Delon : "C'est bien joli mais il faut expliquer pourquoi." Et de finir en disant qu'il reste attaché à la constitution du Général. Soit.
Naouri : "Je ne vois pas ce qu'elle contient, il faudrait apporter les preuves qu'une 6ième serait meilleure."
Van Cauwelaert : "Faisons une constitution à partir d'une page blanche, ce serait une vraie révolution."
Eliette Abecassis : "Pourquoi pas la 7ième ? Non, soyons sérieux, un peu plus de fond. Cette campagne est trop centrée sur les personnalités."
Réponse à ces messieurs-dames : c'est bien le problème de la 5ième république que de faire de la campagne présidentielle une hypermédiatisation de personnalités. Le fameux rendez-vous d'un homme ou d'une femme avec le peuple français ne peut aboutir qu'à cette hystérie médiatique avec une telle constitution. Pour le fond, ces personnes devraient lire La Constitution de la 6ième République de Montebourg et François. Il faut se donner un peu de peine avant de choisir le ou la future présidente !
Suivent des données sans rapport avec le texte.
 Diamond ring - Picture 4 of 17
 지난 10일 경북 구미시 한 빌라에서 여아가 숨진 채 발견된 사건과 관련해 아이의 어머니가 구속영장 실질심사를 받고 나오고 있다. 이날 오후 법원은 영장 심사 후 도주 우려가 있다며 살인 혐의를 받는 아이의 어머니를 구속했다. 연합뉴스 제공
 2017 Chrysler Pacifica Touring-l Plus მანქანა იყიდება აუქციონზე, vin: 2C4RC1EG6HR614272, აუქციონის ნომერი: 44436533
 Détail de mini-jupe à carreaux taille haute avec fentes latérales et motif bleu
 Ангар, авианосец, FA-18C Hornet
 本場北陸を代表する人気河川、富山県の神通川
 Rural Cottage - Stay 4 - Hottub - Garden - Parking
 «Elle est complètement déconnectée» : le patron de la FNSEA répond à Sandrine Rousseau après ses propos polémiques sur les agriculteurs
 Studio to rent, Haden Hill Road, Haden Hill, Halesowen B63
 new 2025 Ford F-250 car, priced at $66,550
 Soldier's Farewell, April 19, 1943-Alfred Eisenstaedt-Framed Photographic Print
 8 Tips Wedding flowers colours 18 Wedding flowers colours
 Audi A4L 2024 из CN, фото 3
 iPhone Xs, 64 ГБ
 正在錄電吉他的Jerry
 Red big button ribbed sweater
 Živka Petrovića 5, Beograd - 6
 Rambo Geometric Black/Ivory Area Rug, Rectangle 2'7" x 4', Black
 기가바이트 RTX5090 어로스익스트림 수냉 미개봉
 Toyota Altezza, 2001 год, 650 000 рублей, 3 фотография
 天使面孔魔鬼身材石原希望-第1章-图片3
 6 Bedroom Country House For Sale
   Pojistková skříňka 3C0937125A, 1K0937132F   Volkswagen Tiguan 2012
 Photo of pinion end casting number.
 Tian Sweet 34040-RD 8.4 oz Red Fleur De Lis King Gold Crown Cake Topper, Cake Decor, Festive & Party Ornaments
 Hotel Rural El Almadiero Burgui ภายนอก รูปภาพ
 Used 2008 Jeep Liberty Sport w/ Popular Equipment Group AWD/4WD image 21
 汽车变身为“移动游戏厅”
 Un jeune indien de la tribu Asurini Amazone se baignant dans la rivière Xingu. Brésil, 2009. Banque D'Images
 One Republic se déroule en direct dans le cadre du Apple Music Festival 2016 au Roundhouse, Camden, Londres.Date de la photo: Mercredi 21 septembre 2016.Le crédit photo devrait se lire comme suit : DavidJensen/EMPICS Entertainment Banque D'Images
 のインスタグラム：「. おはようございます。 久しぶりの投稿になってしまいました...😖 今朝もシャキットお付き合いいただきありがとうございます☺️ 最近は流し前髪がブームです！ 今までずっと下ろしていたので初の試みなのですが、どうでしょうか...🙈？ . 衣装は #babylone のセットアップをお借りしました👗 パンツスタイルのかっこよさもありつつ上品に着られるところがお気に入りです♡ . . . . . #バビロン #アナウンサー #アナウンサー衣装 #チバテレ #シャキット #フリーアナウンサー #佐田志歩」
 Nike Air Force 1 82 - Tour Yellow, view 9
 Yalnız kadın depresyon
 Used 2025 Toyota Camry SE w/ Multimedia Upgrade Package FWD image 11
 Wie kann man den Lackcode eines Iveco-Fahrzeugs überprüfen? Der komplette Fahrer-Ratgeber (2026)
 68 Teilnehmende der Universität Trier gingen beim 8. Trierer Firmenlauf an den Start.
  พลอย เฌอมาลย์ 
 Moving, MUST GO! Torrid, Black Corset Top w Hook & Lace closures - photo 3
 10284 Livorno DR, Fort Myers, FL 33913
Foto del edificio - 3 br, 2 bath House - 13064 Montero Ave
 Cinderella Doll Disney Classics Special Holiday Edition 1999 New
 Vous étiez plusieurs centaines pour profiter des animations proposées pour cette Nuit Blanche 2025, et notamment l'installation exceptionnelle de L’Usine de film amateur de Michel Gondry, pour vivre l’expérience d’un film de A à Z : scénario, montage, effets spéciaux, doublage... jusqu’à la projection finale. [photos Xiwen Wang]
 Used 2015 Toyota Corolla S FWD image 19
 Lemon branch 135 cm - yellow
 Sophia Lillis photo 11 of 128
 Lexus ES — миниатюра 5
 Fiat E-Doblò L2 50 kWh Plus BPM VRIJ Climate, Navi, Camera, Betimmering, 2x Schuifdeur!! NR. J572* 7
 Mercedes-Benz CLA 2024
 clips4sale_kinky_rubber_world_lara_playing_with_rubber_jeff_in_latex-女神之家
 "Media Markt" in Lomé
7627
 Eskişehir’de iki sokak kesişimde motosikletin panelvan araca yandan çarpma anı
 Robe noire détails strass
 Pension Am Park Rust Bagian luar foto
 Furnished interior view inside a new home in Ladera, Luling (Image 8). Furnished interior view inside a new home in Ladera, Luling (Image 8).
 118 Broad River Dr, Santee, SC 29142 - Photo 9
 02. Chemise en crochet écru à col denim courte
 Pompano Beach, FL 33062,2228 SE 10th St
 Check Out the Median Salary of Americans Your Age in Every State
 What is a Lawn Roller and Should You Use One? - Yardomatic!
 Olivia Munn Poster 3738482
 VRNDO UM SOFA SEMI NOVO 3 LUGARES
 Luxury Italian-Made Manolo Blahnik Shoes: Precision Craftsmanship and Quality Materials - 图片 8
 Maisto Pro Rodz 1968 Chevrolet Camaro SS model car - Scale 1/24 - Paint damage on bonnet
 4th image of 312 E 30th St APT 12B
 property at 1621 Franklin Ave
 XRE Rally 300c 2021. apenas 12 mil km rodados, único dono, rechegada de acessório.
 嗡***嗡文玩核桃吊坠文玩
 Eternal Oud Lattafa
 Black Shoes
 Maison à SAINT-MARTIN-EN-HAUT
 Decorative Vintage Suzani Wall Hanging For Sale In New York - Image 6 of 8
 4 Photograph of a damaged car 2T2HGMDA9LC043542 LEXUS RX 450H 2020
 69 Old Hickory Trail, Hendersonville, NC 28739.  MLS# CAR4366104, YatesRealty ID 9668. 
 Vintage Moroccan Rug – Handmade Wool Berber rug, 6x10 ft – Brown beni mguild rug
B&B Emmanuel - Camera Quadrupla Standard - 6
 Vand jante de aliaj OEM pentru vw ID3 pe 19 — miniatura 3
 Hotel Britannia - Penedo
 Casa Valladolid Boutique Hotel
Par ailleurs, comment apporter la preuve de l'efficacité de quelque chose qui n'existe pas encore ? Compte tenu des dérives de la 5ième, il n'est pas inutile de proposer du neuf. Reste à choisir entre celle de Montebourg/Roayal et celle de Bayrou. Ou bien l'on pense que que le problème vient des pratiques et non pas des institutions et qu'il faut simplement changer les hommes, point de vue un peu naïf à mon sens.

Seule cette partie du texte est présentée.